4) Find someone you admire for his or her ability to remain calm and balanced, and ask that person to be an advisor to you when you have a question or concern arise. I have several such folks in my life, even for different areas of life, including career stress, parenting stress, and many other categories in between. Seek these people out and talk to them.
5) Take a two-minute breathing break before you log on to your computer, before you eat a meal, before you go to bed. Just 10 minutes of deep breathing a day can help. A tangent on the “taking a breath” and scheduling “gaps” suggestions, this one is an intentional moment of deep breathing. Put your phone on airplane mode; set a two-minute timer; and just sit and breathe.
6) Eat a satisfying breakfast that contains protein as a way to jumpstart your mental and physical energy and keep your metabolism “fired up.” You’ve heard the stats that kids who don’t eat breakfast are less able to concentrate at school and don’t perform as well as those who do eat breakfast. Well, many adults skip breakfast, too, and then hit the ground running with their overly-ambitious schedules. Put some thought into your first meal of the day. Give your body and mind what it needs to be you for the day.
7) Consider limiting or giving up “C.A.T.S.” (C = caffeine, A = alcohol, T = tobacco, S = sugar). These are known to cause fluctuations in energy and mood. This suggestion always elicited a bit of scoffing in the corporate world, but because each of these edible items can either stimulate or depress the nervous system, using them can interrupt healthy sleep patterns, amplify cravings and dependency, and complicate other health conditions. If giving it up does not seem an option, think of cutting back more gradually, and see how you feel.

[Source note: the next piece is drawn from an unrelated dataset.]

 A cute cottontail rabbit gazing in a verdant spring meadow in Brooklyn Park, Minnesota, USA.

8) Recall and re-visit a favorite activity or hobby. Doing an activity that brings you joy or allows you to be fully engaged in something uplifting, can have a very positive effect on your mental and emotional state. Making jewelry, fishing, photography, bird watching, whatever it is you used to love to do — do it again.

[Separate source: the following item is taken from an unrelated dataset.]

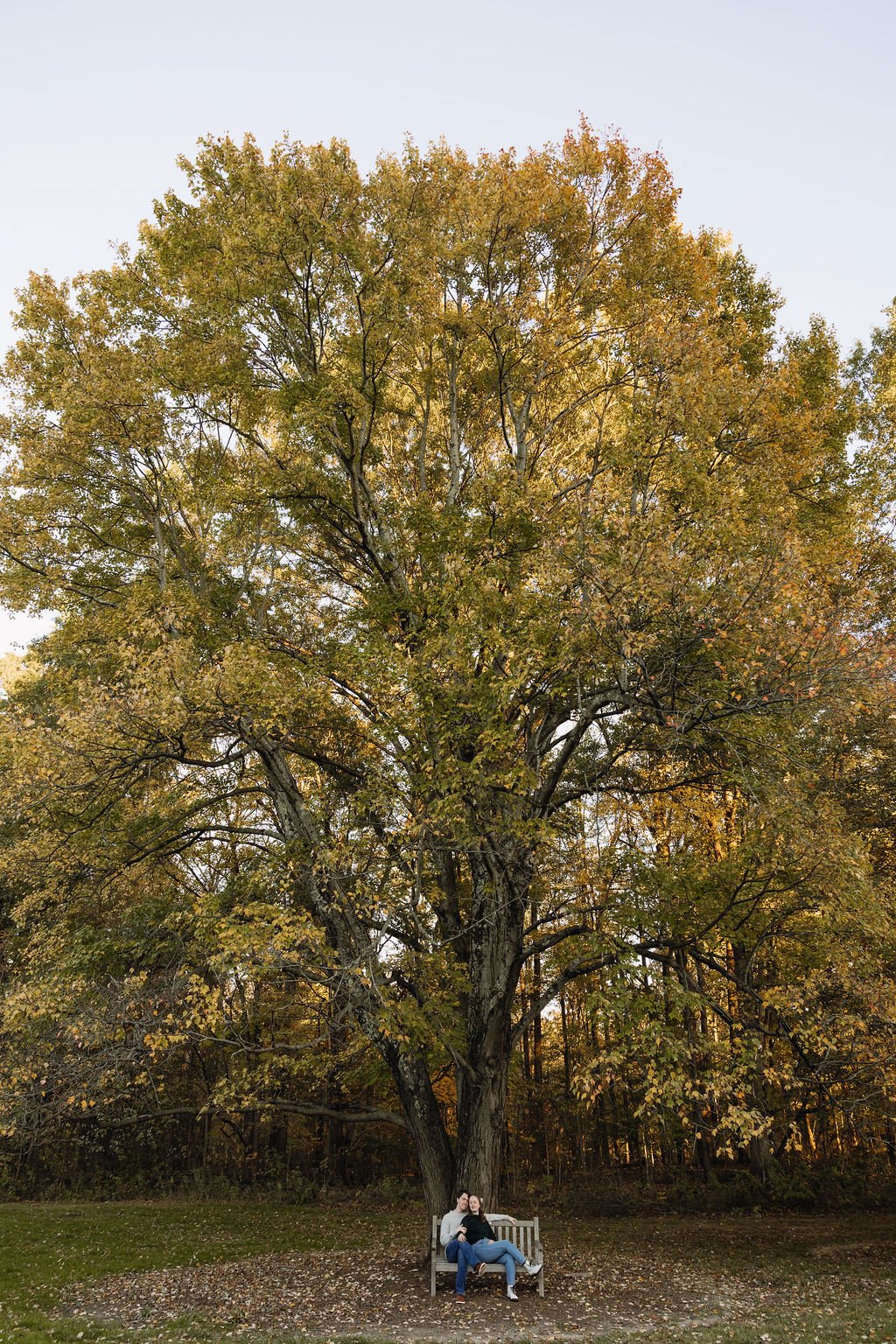 Sarah and Luke // Inniswood Metropark Engagement Photos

9) Make of goal of getting seven to nine hours of sleep a night. Many people will argue that they don’t need as much sleep as the average person, but according to the Centers for Disease Control, that’s just not true. Humans need sufficient sleep for a host of good reasons, including cardio-pulmonary health, proper hormone function, healthy immune function, and many, many more. Of course, it might not be so easy to simply lie down and zonk out for eight hours. It might demand a good look at what it is that’s keeping you awake. Is it mind chatter; is it your desire to binge watch your favorite TV shows until midnight? What is the root of your restlessness, and how can you begin to right your course to better sleep?

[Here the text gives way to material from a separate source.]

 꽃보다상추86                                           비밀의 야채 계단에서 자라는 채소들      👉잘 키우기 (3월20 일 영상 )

10) Make a cut-off time for electronic communications, and stick to it. You’ve probably heard about the “blue light” of electronics, which interrupts your brain’s ability to create melatonin, the hormone your body produces to help you feel sleepy and fall asleep at appropriate times (e.g., nighttime). Well, most functions of the electronics in our lives are stimulating, and stimulation is not what you need when your body needs sleep to reset and recover. Text messages, social media posts, emails, news … each of these things can stimulate mental activity, and, certainly, emotions ‑ not what you need at 9 p.m.
One need not be a social scientist to predict that stressors will continue to abound in our human lives. We need to develop more resilience and compassion to ride the tides in constructive ways. These ten suggestions might lead you to discover something you can do for your own good in 2019. As with all things in well-being, it’s up to you. No one can do it for you. Cheers to your efforts toward a good cause!